The language of excavation is familiar to fans of late Bay Area artist Jay DeFeo. She famously spent eight years from 1958 to '66 both building up and digging into the surface of a massive abstract painting-sculpture ultimately known as "The Rose."
But now that DeFeo is the subject of a major museum retrospective, the excavation image seems better suited to the activity of the curators, such as Dana Miller from the Whitney and Corey Keller at SFMOMA, who have gone well beyond DeFeo’s "Rose" to bring her little-known work to light in their exhibitions and this catalog.

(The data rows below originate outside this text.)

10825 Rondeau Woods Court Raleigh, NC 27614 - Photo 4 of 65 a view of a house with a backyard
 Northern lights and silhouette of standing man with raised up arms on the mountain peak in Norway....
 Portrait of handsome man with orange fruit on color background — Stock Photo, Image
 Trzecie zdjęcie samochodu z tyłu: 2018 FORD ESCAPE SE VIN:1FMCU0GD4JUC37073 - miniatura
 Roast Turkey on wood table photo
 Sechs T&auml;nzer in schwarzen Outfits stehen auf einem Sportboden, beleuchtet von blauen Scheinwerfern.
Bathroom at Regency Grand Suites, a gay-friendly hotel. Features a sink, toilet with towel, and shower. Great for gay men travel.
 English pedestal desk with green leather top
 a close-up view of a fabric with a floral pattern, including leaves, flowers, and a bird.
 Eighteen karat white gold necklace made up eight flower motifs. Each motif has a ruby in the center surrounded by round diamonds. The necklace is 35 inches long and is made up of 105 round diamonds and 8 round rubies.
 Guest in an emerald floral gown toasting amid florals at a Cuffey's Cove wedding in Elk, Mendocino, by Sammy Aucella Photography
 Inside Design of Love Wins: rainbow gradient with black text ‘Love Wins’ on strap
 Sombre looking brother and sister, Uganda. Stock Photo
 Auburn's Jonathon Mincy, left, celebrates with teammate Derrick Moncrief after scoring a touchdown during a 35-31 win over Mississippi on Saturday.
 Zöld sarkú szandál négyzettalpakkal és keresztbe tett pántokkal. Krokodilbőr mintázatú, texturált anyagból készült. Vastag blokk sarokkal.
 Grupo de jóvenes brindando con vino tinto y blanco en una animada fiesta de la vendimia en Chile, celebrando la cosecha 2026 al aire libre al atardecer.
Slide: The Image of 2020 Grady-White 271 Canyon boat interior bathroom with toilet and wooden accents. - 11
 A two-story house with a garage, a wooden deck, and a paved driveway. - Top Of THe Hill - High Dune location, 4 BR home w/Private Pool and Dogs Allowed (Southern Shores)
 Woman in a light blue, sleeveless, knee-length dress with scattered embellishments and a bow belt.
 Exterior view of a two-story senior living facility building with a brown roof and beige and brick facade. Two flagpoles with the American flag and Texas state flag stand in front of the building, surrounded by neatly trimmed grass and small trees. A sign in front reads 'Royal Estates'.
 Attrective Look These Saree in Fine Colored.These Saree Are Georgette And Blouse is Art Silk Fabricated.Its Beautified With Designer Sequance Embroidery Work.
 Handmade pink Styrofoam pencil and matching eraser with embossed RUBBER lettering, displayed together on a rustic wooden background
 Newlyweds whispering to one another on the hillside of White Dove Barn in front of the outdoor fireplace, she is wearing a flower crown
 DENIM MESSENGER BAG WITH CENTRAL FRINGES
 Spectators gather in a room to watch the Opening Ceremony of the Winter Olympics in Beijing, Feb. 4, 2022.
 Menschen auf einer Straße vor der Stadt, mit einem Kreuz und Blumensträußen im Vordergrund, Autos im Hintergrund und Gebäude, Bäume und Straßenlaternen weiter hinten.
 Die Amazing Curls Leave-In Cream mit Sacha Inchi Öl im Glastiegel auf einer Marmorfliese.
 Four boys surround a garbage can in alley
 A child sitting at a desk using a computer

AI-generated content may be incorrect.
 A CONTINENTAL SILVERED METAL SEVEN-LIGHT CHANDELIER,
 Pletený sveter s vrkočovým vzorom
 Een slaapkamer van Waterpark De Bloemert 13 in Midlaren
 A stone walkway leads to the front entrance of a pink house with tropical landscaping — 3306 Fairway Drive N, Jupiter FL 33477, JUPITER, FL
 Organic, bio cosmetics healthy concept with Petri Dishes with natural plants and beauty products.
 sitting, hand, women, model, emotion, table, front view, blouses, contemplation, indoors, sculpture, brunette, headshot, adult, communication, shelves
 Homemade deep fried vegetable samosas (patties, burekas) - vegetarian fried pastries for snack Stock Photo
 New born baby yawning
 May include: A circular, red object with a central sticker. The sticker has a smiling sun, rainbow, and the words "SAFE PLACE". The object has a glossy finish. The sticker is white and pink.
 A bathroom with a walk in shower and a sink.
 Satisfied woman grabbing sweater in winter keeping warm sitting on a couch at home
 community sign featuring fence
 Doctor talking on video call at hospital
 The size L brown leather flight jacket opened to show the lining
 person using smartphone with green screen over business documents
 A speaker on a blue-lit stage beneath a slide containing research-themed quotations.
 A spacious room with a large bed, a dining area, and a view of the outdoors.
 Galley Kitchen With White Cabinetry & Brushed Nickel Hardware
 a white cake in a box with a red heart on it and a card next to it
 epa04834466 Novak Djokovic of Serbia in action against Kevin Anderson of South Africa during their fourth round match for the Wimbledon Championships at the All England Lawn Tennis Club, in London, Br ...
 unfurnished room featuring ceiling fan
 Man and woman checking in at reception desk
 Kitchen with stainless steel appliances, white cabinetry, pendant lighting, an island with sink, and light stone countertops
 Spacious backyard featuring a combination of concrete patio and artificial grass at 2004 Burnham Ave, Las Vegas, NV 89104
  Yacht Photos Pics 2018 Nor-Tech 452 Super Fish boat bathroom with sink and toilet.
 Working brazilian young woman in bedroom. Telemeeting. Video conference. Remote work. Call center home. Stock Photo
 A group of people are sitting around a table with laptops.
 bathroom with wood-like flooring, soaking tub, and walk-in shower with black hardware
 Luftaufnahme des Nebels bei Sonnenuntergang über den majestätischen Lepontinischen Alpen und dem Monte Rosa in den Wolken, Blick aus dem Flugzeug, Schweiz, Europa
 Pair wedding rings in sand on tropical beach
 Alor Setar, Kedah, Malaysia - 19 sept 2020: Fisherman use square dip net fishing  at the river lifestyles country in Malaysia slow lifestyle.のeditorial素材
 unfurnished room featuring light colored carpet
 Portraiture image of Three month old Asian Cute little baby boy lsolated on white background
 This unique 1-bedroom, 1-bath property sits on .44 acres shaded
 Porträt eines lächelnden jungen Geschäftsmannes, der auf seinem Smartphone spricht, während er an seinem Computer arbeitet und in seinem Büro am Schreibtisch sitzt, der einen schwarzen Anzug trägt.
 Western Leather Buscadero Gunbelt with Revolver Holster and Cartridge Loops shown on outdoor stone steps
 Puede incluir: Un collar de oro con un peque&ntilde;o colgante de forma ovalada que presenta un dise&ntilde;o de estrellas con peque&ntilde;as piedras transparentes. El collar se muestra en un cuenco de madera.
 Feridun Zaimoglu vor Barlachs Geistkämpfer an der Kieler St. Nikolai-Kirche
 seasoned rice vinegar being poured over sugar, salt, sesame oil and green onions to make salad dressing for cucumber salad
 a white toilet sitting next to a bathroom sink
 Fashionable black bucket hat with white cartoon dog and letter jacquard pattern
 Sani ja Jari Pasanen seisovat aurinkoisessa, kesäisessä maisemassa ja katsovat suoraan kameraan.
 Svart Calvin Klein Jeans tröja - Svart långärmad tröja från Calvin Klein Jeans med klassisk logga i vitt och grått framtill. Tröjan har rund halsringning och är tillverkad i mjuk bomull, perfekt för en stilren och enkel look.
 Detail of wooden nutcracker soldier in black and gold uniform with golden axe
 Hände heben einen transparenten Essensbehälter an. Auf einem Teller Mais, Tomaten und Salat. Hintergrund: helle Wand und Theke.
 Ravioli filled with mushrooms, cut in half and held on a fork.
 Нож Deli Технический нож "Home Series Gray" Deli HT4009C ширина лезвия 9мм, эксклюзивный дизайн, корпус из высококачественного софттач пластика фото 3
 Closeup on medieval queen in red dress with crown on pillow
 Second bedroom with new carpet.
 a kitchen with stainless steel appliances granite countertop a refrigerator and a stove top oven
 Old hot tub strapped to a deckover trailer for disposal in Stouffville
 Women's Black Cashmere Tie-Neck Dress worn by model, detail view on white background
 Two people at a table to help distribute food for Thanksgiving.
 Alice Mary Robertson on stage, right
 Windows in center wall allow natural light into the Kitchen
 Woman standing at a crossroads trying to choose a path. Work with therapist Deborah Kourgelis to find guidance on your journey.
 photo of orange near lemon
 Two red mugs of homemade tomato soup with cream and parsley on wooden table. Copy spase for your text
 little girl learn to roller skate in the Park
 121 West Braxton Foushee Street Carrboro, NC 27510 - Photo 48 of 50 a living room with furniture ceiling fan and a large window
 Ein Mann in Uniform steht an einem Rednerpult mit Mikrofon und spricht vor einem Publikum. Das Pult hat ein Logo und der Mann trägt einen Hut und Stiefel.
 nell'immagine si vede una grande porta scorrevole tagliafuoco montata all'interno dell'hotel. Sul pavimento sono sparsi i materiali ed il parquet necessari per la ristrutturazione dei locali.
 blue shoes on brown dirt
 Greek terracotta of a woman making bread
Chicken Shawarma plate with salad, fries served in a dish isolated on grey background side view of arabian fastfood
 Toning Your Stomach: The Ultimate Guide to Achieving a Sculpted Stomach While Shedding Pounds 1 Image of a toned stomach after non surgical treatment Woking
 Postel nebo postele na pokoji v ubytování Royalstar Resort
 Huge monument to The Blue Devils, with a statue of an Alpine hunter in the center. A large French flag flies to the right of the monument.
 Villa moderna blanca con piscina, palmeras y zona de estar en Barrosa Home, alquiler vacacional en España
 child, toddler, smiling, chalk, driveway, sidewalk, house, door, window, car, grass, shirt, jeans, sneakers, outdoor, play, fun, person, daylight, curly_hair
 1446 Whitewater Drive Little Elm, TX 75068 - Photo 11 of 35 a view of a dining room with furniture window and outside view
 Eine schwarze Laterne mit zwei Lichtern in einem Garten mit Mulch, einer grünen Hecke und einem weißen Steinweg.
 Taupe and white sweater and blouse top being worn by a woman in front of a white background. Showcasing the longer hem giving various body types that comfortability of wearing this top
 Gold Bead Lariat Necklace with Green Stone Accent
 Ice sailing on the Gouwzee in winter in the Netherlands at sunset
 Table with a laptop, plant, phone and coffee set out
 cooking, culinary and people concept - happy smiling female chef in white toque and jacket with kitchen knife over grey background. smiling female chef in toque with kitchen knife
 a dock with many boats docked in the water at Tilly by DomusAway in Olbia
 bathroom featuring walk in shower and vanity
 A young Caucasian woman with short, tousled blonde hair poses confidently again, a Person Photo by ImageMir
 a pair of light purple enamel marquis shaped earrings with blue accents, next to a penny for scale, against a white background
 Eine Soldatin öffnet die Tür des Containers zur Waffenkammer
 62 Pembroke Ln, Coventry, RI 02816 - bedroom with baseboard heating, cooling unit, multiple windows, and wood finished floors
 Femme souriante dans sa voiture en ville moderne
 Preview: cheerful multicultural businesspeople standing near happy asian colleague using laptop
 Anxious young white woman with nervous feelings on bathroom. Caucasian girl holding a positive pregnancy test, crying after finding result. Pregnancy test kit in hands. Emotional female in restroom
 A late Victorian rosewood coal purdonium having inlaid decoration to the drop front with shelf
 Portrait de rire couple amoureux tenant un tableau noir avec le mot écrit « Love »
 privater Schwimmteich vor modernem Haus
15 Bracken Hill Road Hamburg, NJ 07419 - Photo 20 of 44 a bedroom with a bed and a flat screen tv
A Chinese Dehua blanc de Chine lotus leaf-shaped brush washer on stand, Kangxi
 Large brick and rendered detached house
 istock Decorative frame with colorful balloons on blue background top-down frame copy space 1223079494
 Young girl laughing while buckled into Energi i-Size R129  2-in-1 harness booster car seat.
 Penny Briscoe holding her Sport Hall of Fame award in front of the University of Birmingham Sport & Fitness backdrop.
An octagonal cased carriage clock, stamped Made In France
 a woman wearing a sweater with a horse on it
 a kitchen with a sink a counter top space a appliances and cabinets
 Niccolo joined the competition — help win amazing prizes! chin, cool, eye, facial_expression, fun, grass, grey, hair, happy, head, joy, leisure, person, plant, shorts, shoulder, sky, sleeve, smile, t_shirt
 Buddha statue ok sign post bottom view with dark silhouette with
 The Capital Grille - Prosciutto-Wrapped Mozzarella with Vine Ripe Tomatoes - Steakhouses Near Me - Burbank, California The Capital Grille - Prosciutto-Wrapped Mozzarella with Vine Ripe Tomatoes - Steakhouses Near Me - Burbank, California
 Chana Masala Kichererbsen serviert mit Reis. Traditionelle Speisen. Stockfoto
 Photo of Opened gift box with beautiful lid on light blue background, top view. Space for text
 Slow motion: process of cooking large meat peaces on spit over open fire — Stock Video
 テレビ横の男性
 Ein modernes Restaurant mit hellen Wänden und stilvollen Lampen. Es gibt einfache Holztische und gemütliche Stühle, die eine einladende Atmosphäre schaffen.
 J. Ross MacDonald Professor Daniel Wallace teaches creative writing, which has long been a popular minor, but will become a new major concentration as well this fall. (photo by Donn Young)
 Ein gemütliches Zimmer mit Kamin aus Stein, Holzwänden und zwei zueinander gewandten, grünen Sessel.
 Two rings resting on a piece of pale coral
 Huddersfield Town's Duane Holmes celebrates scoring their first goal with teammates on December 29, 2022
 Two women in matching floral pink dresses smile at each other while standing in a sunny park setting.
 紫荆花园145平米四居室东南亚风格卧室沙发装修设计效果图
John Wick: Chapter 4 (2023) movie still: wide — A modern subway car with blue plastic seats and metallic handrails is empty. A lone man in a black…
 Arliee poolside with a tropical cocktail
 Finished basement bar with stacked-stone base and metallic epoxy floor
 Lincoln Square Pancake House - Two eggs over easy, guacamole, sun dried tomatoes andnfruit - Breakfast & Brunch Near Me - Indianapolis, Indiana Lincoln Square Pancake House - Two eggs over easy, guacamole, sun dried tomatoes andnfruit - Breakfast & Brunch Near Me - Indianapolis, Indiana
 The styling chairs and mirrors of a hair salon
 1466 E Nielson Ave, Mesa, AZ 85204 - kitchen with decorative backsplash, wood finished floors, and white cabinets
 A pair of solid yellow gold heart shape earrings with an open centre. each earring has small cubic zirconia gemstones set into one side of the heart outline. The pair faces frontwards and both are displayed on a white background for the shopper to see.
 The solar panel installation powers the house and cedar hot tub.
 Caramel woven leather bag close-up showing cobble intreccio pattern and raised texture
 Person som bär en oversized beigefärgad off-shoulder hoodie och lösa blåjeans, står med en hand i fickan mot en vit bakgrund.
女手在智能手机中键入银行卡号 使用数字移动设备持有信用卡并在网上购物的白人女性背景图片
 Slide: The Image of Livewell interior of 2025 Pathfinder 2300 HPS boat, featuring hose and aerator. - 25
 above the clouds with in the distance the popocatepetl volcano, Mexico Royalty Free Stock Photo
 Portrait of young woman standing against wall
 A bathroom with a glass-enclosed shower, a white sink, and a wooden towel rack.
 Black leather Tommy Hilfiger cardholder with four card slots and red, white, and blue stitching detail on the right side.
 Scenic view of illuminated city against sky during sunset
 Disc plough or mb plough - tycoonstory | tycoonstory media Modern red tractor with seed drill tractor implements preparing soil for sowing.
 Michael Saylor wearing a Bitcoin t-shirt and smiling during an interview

The biggest revelation: DeFeo was a photographer as well as a painter, making quasi-Surreal, experimental-looking prints and photo-collages in the 1970s that resonate with work done during that time by Wallace Berman, Bruce Conner and — in their cool attention to everyday objects in decay — William Eggleston. Photographs of her own dental bridges, a decrepit chandelier and gnarly wrapped objects are standouts.
The catalog features some photographs not included in the SFMOMA presentation, most notably a set of 1959 photographs that Berman took of a semi-clad or naked DeFeo posed (sometimes legs splayed) in front of her paintings. In the San Francisco showing at least, the curator decided these artful pinup images were more Berman than DeFeo’s work — and cut them from the show.